Но нашли бы вы в такой картине просто людей? Не арестантов, не преступников, не несчастненьких (и все это по трафарету), а людей таких, как и вы, и я, как и ваши знакомые? Нашли ли бы что-нибудь общее между этими физиономиями, неизгладимо обезображенными пороком и горем, и лицами тех, кого вы привыкли считать единственно за людей и с кем вас соединяет сочувствие? Наверное, нет.
И мне кажется, что, не изобразив лиц, С. В. Иванов дал в своей картине больше, чем мог бы дать в противном случае.
Я вижу людей, которые охвачены смертельной усталостью и сном, уничтожающим всякую границу между преступником и святым. Я не вижу их лиц, тех особенных лиц, которые сразу воздвигают между нами неведомую преграду, и преступность отпадает, т. е. отпадает то, что делает их непохожими на других людей, делает их особенными, не просто людьми, а арестантами. Я вижу ноги и кандалы.
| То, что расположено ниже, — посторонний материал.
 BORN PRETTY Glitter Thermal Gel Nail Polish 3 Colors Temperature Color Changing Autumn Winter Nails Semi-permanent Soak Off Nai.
Кандалы говорят лишь о том, что люди эти не свободны, а ноги, обутые в истертые валенки, в онучи, в какое-то подобие обуви, говорят о долгом и страдальческом пути. И опять думаю я не о том специфическом, что делает мне этих людей чуждыми, не об их преступности, раскаянии и преступных слезах, а представляю я себе те общечеловеческие страдания и радости, которые выпали на долю этих ног, таких же ног, как у меня и всякого другого. Мне чудится, как шагали эти ноги по горячей пыли и как им было то приятно, то мучительно; я представляю себе грязь, глубокую осеннюю грязь и лужи, наполненные холодной водой, и эти жалкие ноги, издрогшие, измученные. И все дальше и дальше уводят меня эти ноги; вижу я их счастливыми и легкими, когда, не скованные еще кандалами, они ходили по родимой земле, шли за сохой, плясали на свадьбе, качали ребенка или легкомысленно путались одна за другую, обессиленные хмелем. Вижу я эти ноги, обласканные бархатом травы, ступающими по цветам или обмытыми чистой водой ручья и осторожно переступающими по его песку и камням. И видится мне, наконец, как с нерешительной и боязливой дрожью поднимаются эти ноги по каменным ступеням суда.